Deputy Governor of Osun State
- In office 27 November 2010 – 27 November 2018
- Governor: Rauf Aregbesola
- Preceded by: Olusola Obada
- Succeeded by: Benedict Alabi

Osun State Commissioner for Education
- In office 2010 – November 2018
- Governor: Rauf Aregbesola

Personal details
- Born: 21 December 1948 (age 77) Osogbo, Southern Region, British Nigeria (now in Osun State, Nigeria)
- Party: All Progressives Congress (2013–present)
- Other political affiliations: Action Congress of Nigeria (before 2013)
- Spouse: Michael Ponnle ​(m. 2019)​
- Education: University of Lagos
- Occupation: Politician; Public Administrator;

= Titilayo Laoye-Tomori =

Nigerian politician (born 1948)

Titilayo Laoye-Tomori (born 21 December 1948) is a Nigerian politician, she served as deputy governor of Osun State and commissioner for education from 2010 to 2018.

==Early life and education==
Laoye-Tomori was born in Osogbo, Osun State, to the Amon Oyeyemi Laoye family. She was educated in Owo at St. Catherine Girls Grammar School and at Victory College in Ikare before continuing to the University of Lagos, generally known as UNILAG, where she graduated with a bachelor's degree in history in year 1973. She earned a postgraduate diploma in education in 1978 and a Masters in Public Administration in 1984.

==Career==
After graduating and spending one year in the National Youth Service Corps, she was employed as an education officer at the Federal Ministry of Education in 1974. She worked there for six years before joining the University of Lagos as an assistant registrar. She was the Principal Assistant Registrar by the time she left in 1989. While at the university she also served as a faculty officer, establishment officer and admissions officer.

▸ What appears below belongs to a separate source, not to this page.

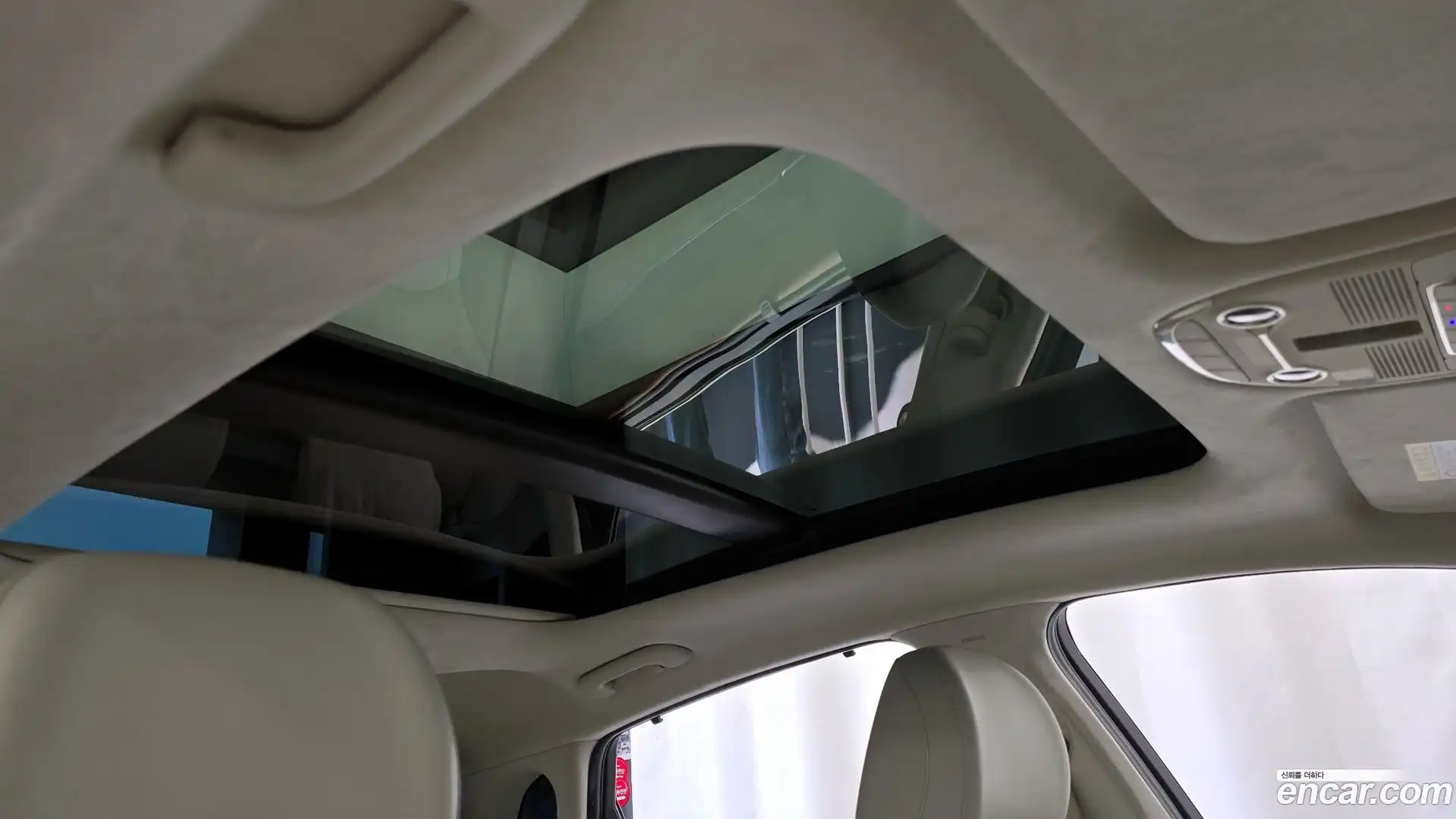 Grandeur Hyundai 2020.1-OPTION-021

She went on to work with Coopers & Lybrand International, PFM Consulting Limited, and Industrial and General Insurance Plc. She also started her own consulting company, Quints Management Consultants. She was appointed to the board of International Health Management Services Limited, a health maintenance organization (HMO) as an executive director overseeing finance and administration.

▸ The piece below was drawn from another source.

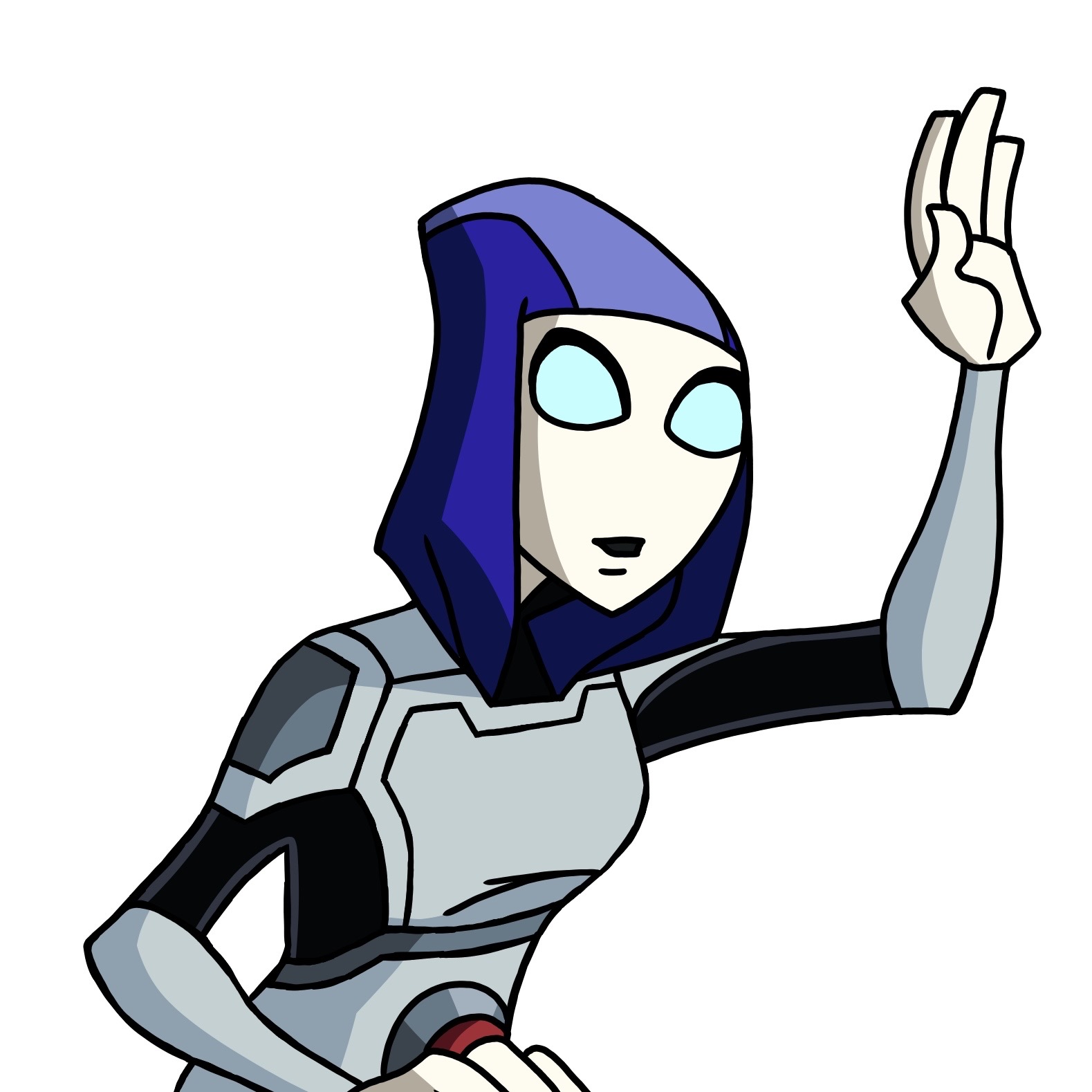 Nar Deviantart Listen To GuduMix 046: Ell Murphy By Gudu Records In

As part of the Action Congress of Nigeria party, she was a candidate for deputy governor to Ogbeni Rauf Adesoji Aregbesola in 2007. A Court of Appeals judgment put them into office after a three year court case.

==Personal life==
She is married with four children and nine grandchildren. In 2019, at age 70, she married MiCom owner Prince Michael Ponnle, who was 80 years old.